Records drawn from a dataset:
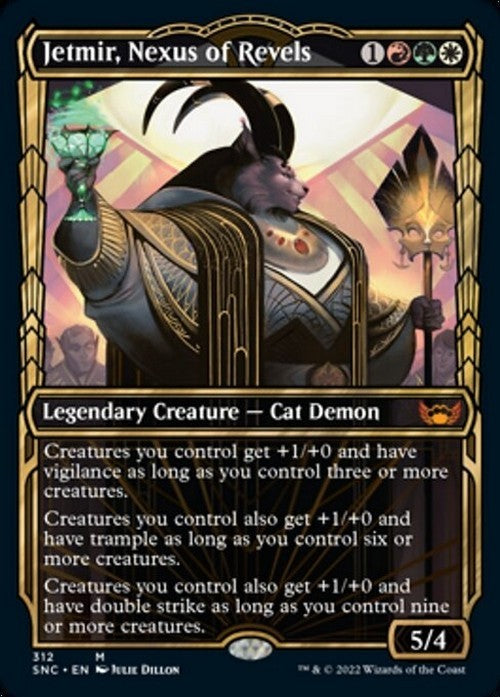 SHOWCASE Jetmir, Nexus of Revels ~ Streets of New Capenna [ NearMint ] [ MTG ]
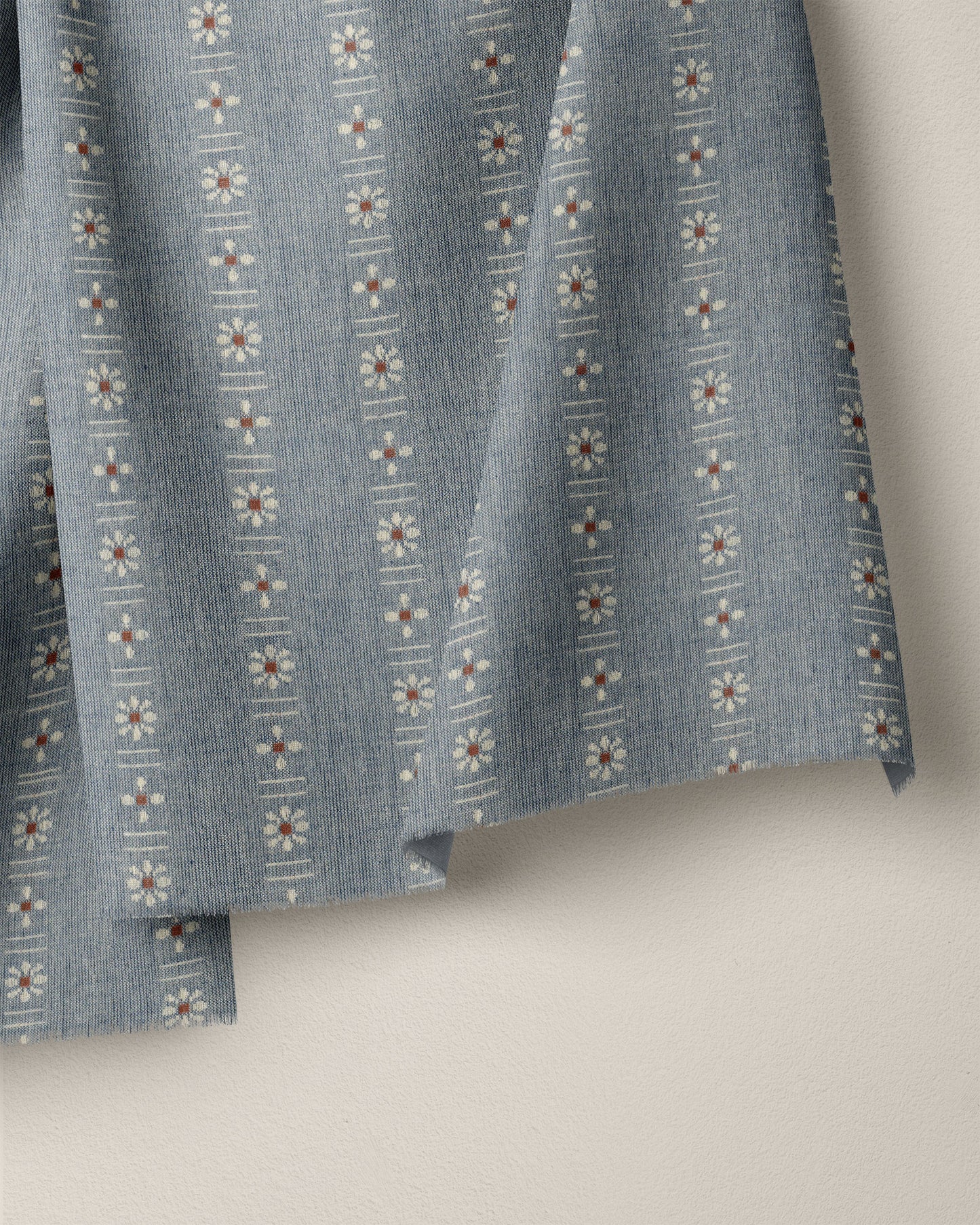 Denim Daisy Cotton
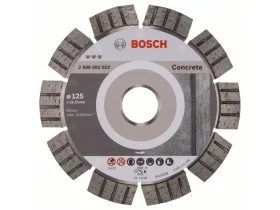 Diamantový dělicí kotouč Best for Concrete 125 x 22,23 x 2,2 x 12 mm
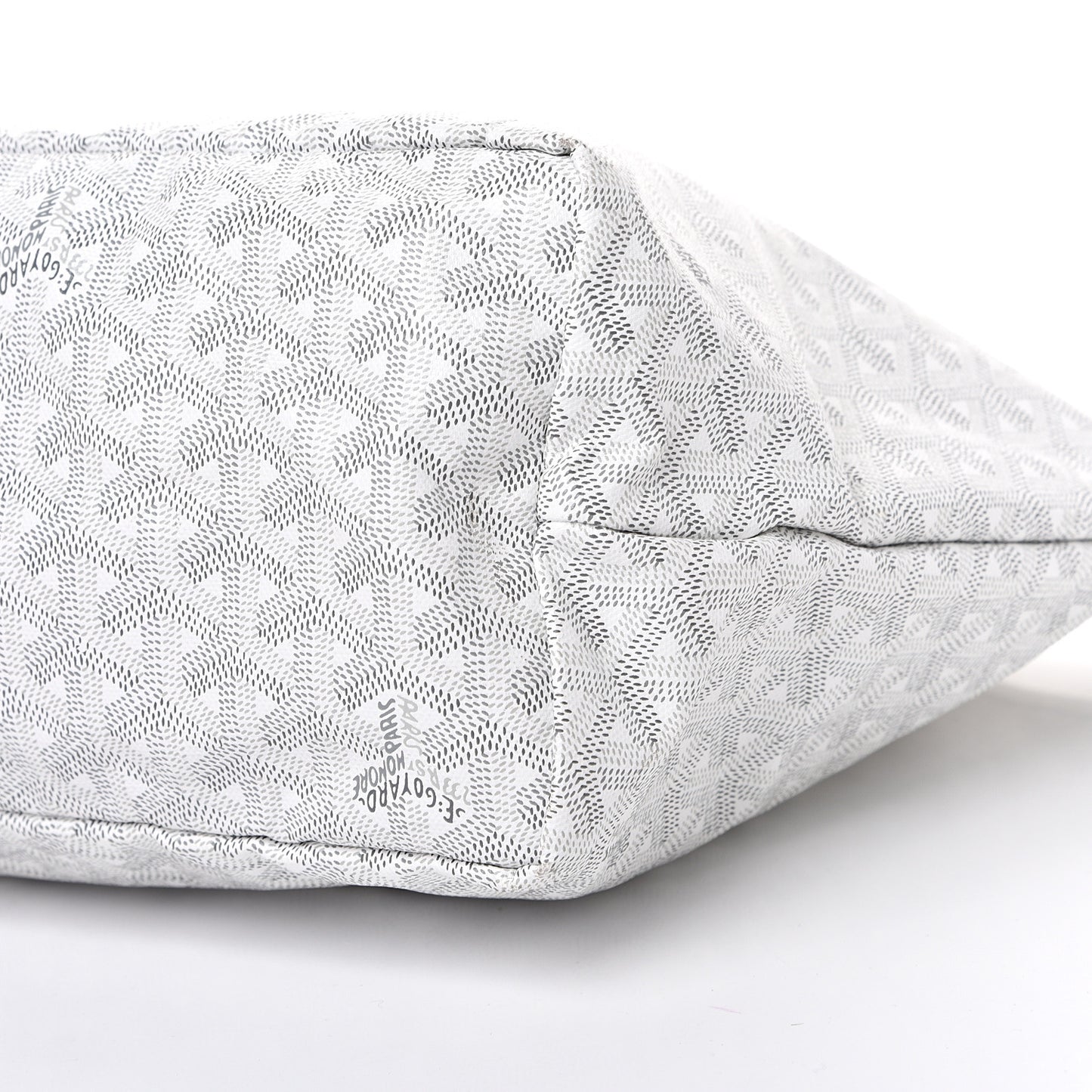 Goyardine Saint Louis PM White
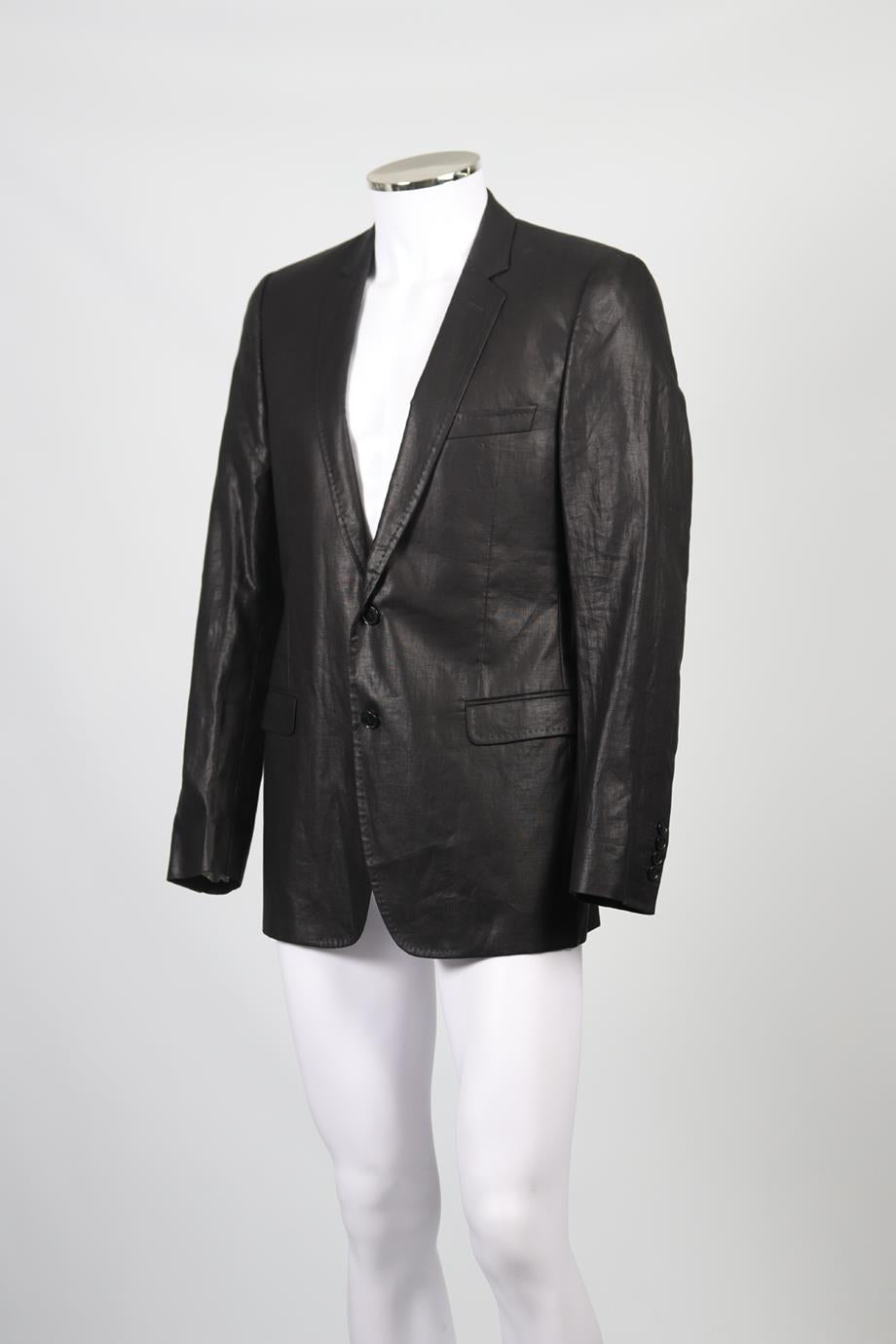 DOLCE & GABBANA MEN'S LINEN BLAZER IT 50 UK/US 40 FR 50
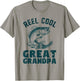 Reel Cool Great Grandpa Fishing Grandpa Vintage Style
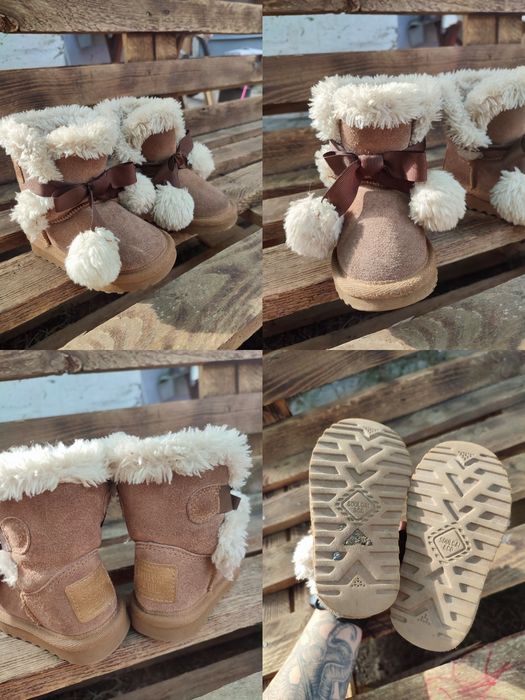 Дитяче взуття Кросівки Зимове взуття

EXERCISE: Without any picture, return exactly the lines of the records above from the first through the line that contains "DOLCE & GABBANA".

TASK SOLUTION:
 SHOWCASE Jetmir, Nexus of Revels ~ Streets of New Capenna [ NearMint ] [ MTG ]
 Denim Daisy Cotton
 Diamantový dělicí kotouč Best for Concrete 125 x 22,23 x 2,2 x 12 mm
 Goyardine Saint Louis PM White
 DOLCE & GABBANA MEN'S LINEN BLAZER IT 50 UK/US 40 FR 50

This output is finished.